Training parameters:
-b, --batch-size BATCH_SIZE  batch size                               (default =  128)
-d, --device DEVICE          train using given device (cpu|cuda|auto) (default = auto)
-e, --epochs EPOCHS          number of epochs to train with           (default =   10)

Examples

Use first half of <data.csv> to train Tiresias and use second half of <data.csv> to predict and test the prediction.

python3 -m tiresias train   --csv <data_train.csv> --save tiresias.save # Training
python3 -m tiresias predict --csv <data_test.csv>  --load tiresias.save # Predicting

Code

To use Tiresias into your own project, you can use it as a standalone module. Here we show some simple examples on how to use the Tiresias package in your own python code. For a complete documentation we refer to the Reference guide.

Import

To import components from Tiresias simply use the following format

from tiresias          import <Object>
from tiresias.<module> import <Object>

For example, the following code imports the Tiresias neural network as found in the Reference.

# Imports
from tiresias import Tiresias

Working example

In this example, we load data from either a .csv or .txt file and use that data to train and predict with Tiresias.

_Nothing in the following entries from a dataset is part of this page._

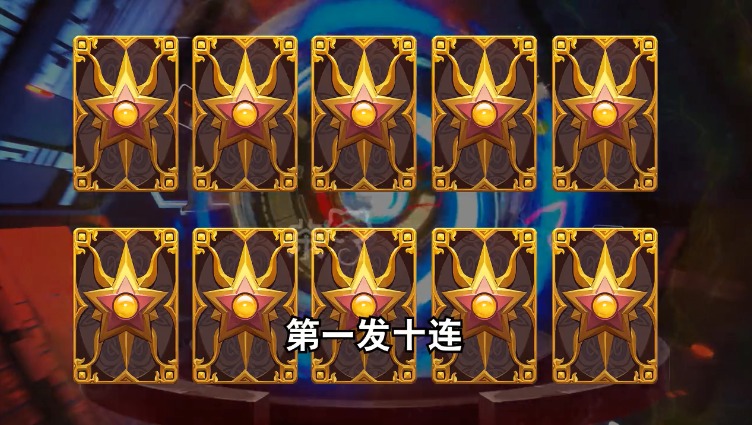 猎龙时刻手游官方最新版  v3.3.2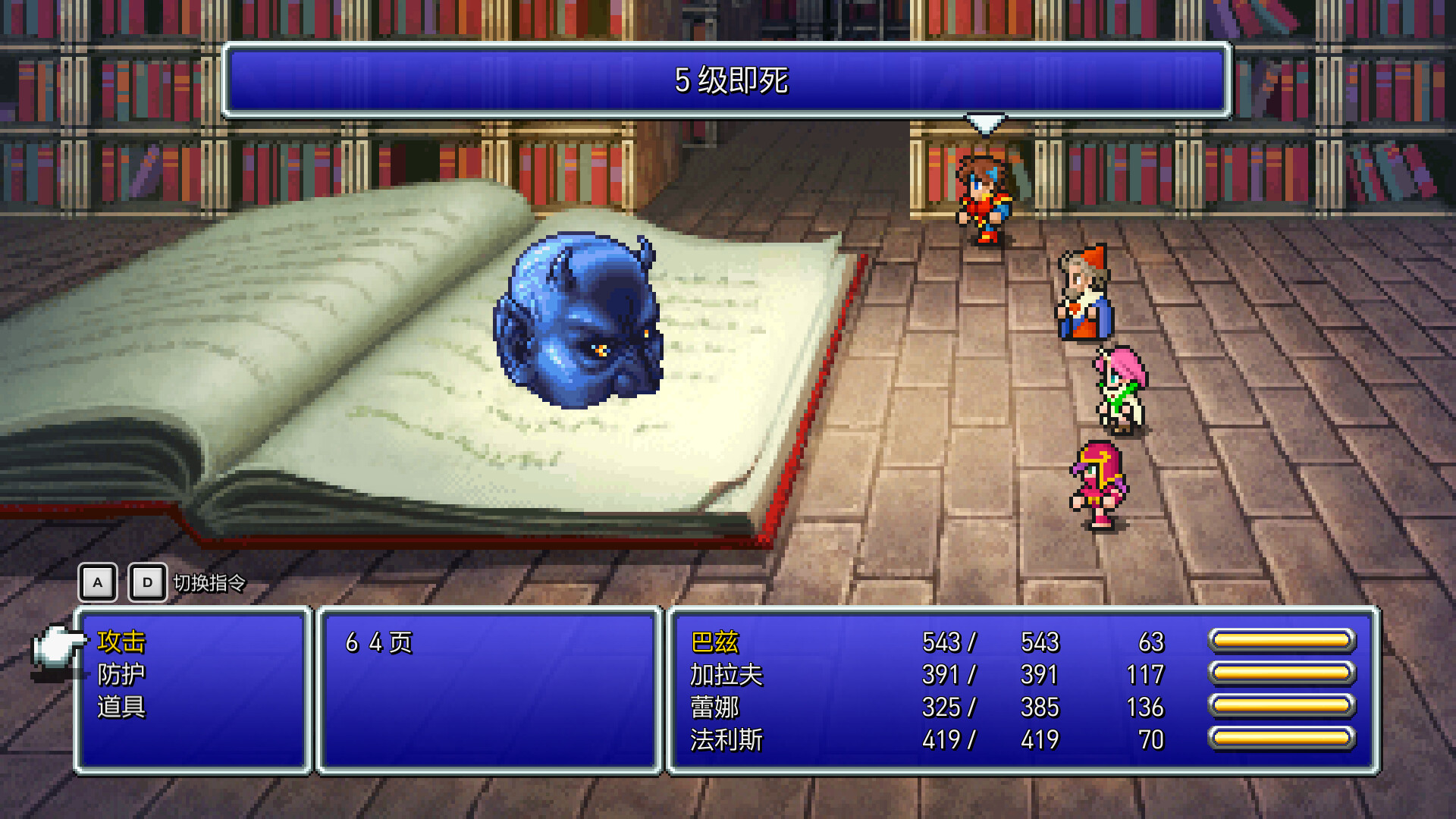 最终幻想5像素重置版/FINAL Fantasy V Pixel Remaster Series Build.17234790|角色扮演|容量805MB|免安装绿色中文版|支持键盘.鼠标.手柄-小辉娱乐网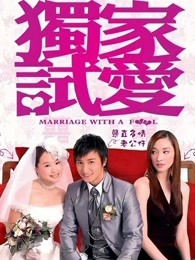 獨家試愛粵語 獨家試愛粵語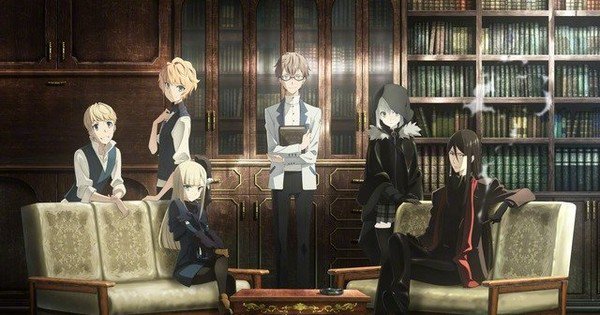 Lord El-Melloi II-sei no Jikenbo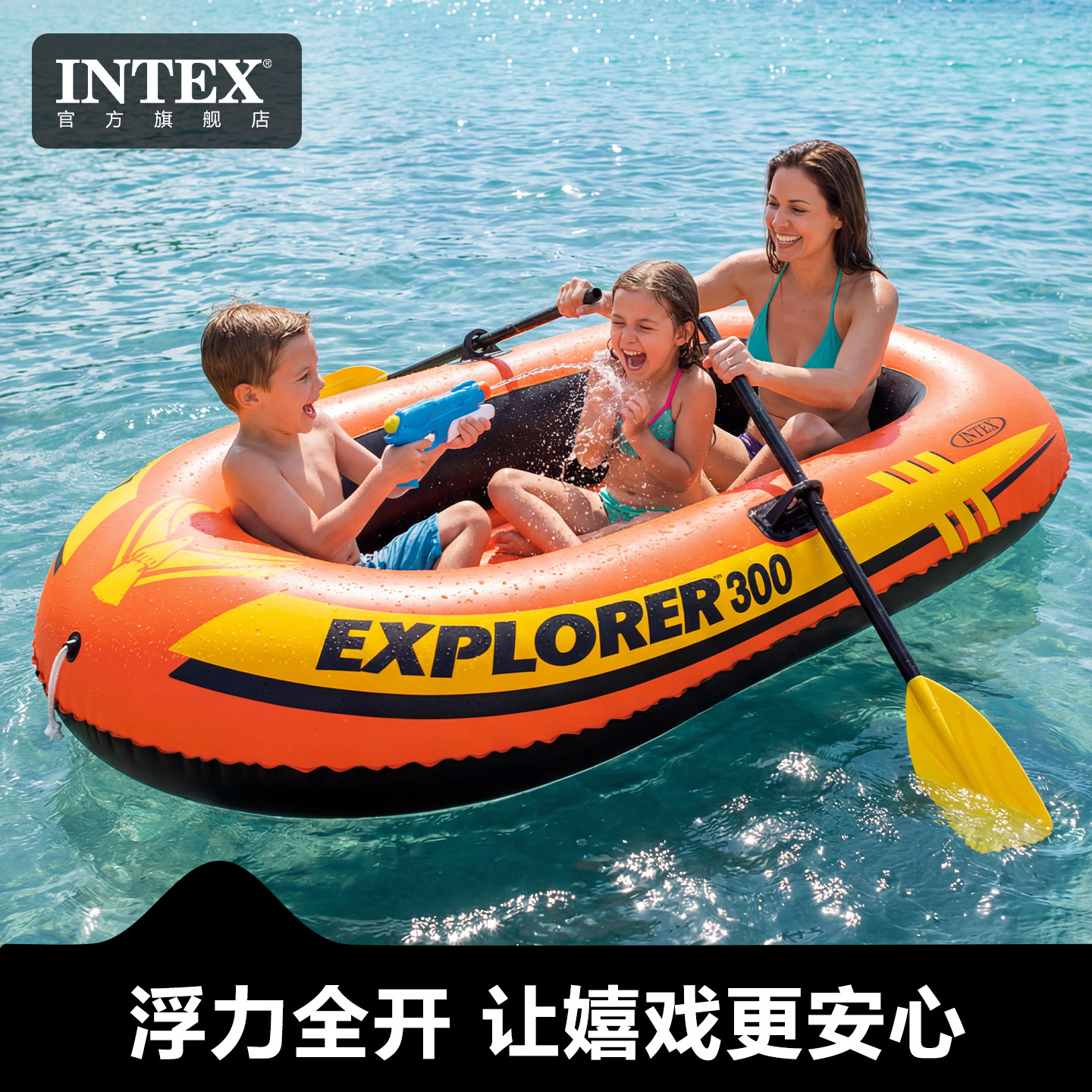 INTEX新款皮划艇橡皮艇橡皮艇儿童冲锋舟救生钓鱼船气垫塑料渔船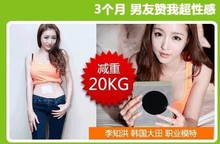 lipolysis no side effects reduce fat effect 6pcs 3bags box Weight Management belly slim patch freeshipping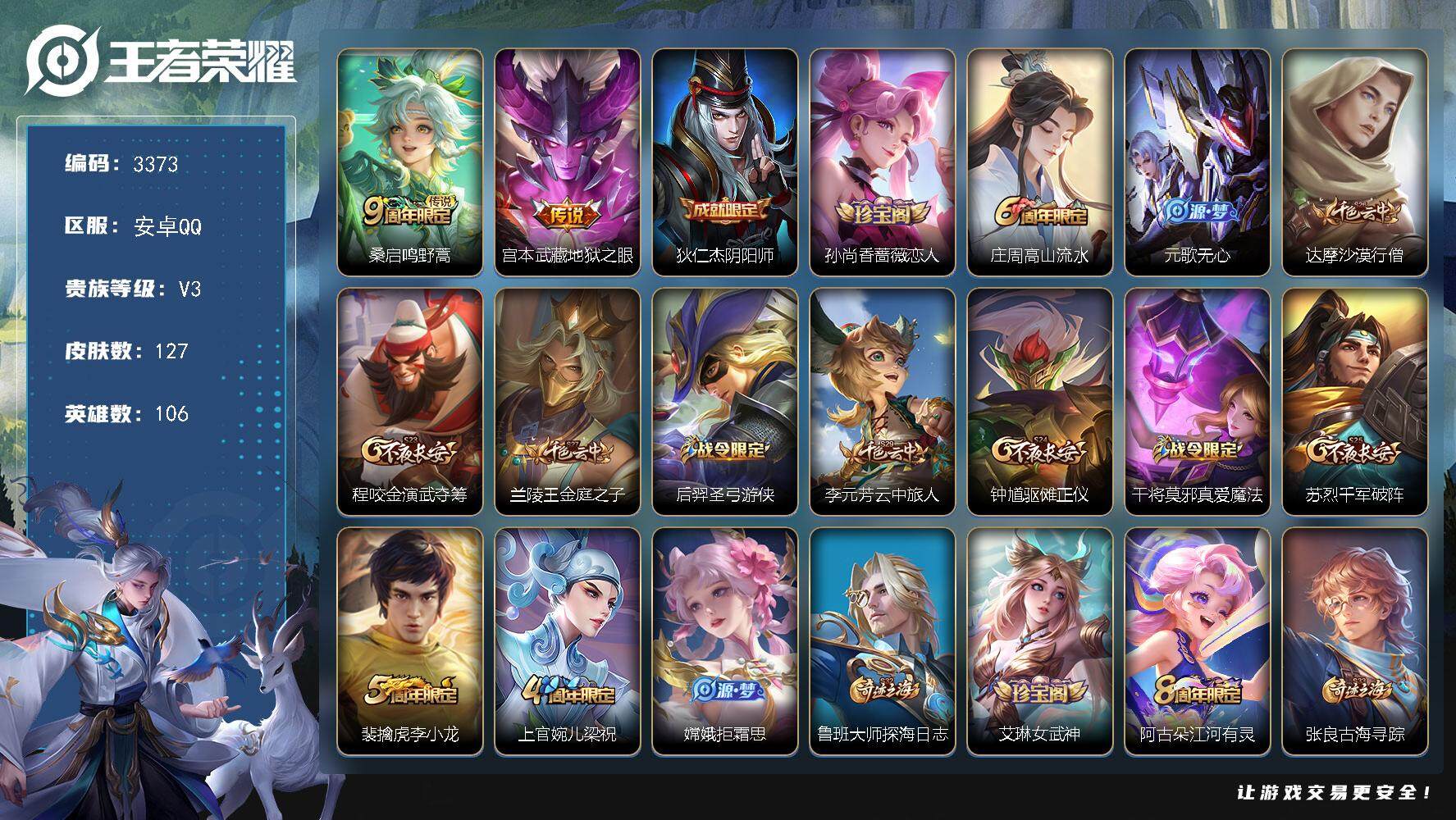 WZJZ3383747王者荣耀账号详情图14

# import Tiresias and Preprocessor
from tiresias              import Tiresias
from tiresias.preprocessor import Preprocessor

##############################################################################
#                                 Load data                                  #
##############################################################################

# Create preprocessor for loading data
preprocessor = Preprocessor(
    length  = 20,           # Extract sequences of 20 items
    timeout = float('inf'), # Do not include a maximum allowed time between events
)

# Load data from csv file
X, y, label, mapping = preprocessor.csv("<path/to/file.csv>")
# Load data from txt file
X, y, label, mapping = preprocessor.txt("<path/to/file.txt>")

##############################################################################
#                                  Tiresias                                  #
##############################################################################

# Create Tiresias object
tiresias = Tiresias(
    input_size  = 300, # Number of different events to expect
    hidden_size = 128, # Hidden dimension, we suggest 128
    output_size = 300, # Number of different events to expect
    k           = 4,   # Number of parallel LSTMs for ArrayLSTM
)

# Optionally cast data and Tiresias to cuda, if available
tiresias = tiresias.to("cuda")
X        = X       .to("cuda")
y        = y       .to("cuda")

# Train tiresias
tiresias.fit(
    X          = X,
    y          = y,
    epochs     = 10,
    batch_size = 128,
)

# Predict using tiresias
y_pred, confidence = tiresias.predict_online(
    X = X,
    y = y,
    k = 3,
)

Modifying Tiresias

Tiresias itself works with an LSTM as implemented by ArrayLSTM from the array-lstm package. Suppose that we want to use a regular LSTM instead, we can simply create a new class that extends Tiresias and overwrite the __init__ method to replace the ArrayLSTM with a regular LSTM.

# Imports
import torch.nn as nn
from tiresias import Tiresias

# Create a new class of Tiresias to overwrite the original
class TiresiasLSTM(Tiresias):

  # We overwrite the __init__ method
  def __init__(self, input_size, hidden_size, output_size, k):
        # Initialise super
        super().__init__(input_size, hidden_size, output_size, k)

        # Replace the lstm layer with a regular LSTM
        self.lstm = nn.LSTM(input_size, hidden_size, batch_first=True)

Reference

This is the reference documentation for the classes and methods objects provided by the Tiresias module.

Preprocessor

The Preprocessor class provides methods to automatically extract event sequences from various common data formats. To start sequencing, first create the Preprocessor object.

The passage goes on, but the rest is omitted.